TASK GOAL:
The data is to be repeated exactly, with the images removed.

STORED DATA:

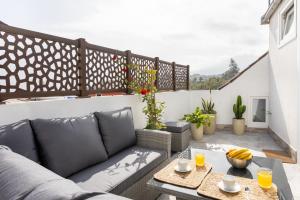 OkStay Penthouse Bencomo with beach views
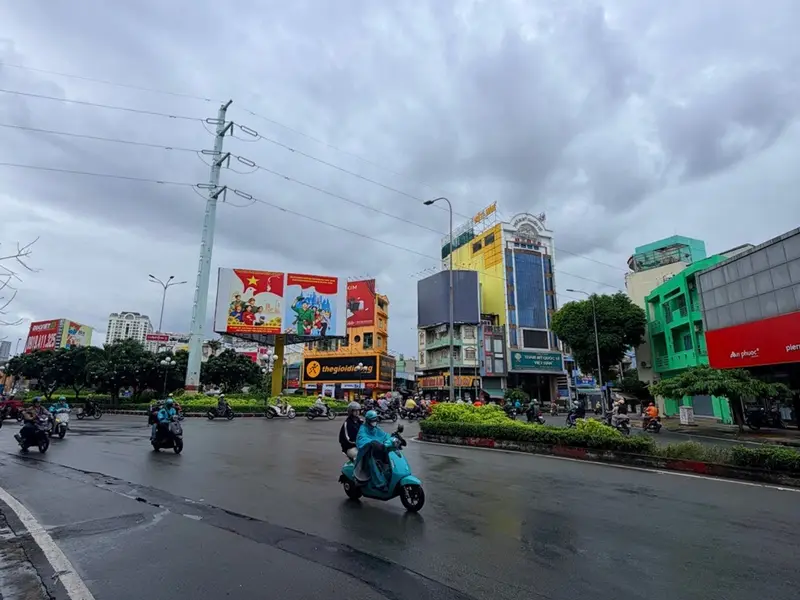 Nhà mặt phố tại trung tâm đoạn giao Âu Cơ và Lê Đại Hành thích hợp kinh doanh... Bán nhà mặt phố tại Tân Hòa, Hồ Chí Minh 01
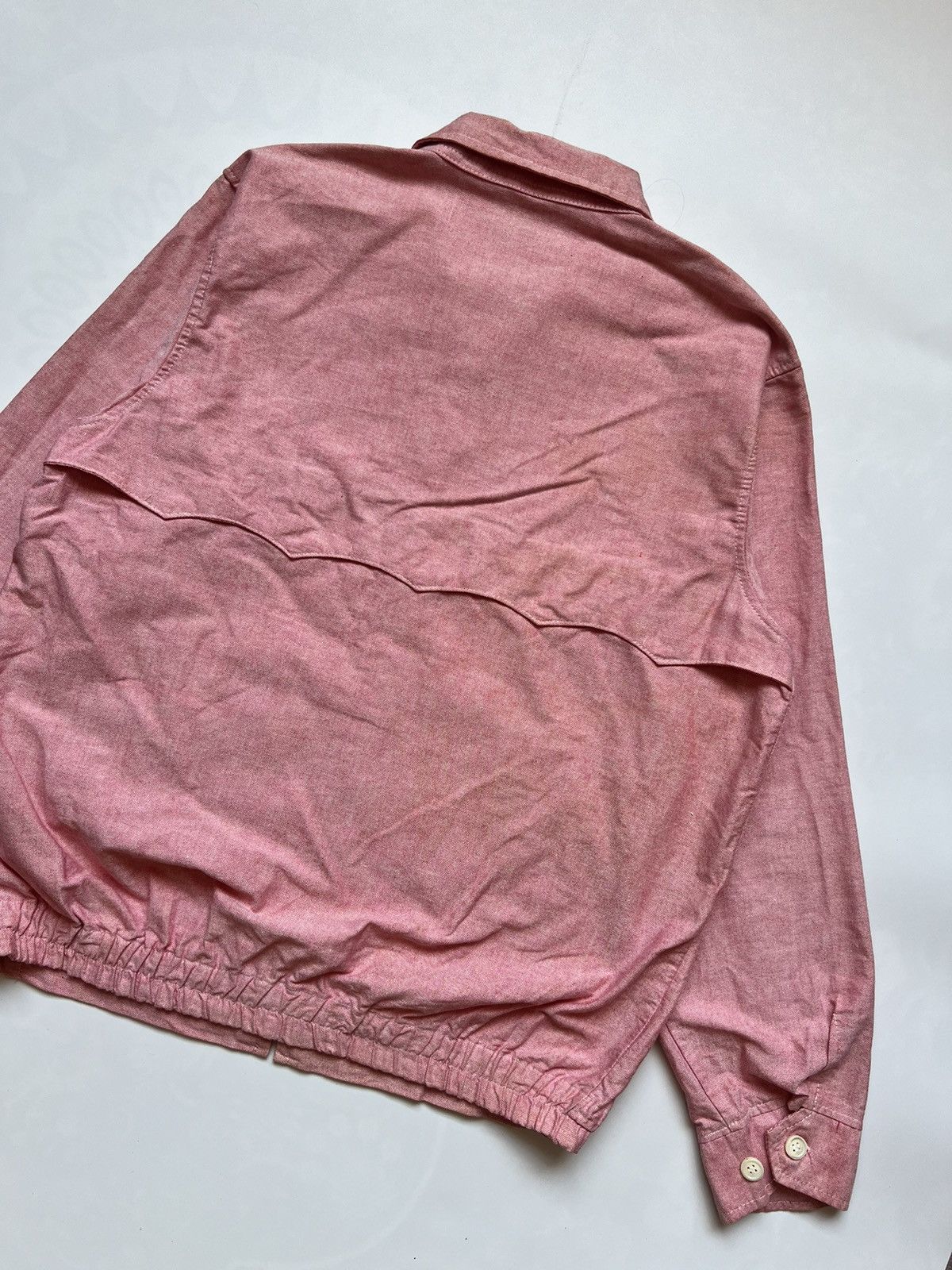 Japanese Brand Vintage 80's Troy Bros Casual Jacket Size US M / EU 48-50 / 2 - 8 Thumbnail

THE COMPLETED TASK:
 OkStay Penthouse Bencomo with beach views
 Nhà mặt phố tại trung tâm đoạn giao Âu Cơ và Lê Đại Hành thích hợp kinh doanh... Bán nhà mặt phố tại Tân Hòa, Hồ Chí Minh 01
 Japanese Brand Vintage 80's Troy Bros Casual Jacket Size US M / EU 48-50 / 2 - 8 Thumbnail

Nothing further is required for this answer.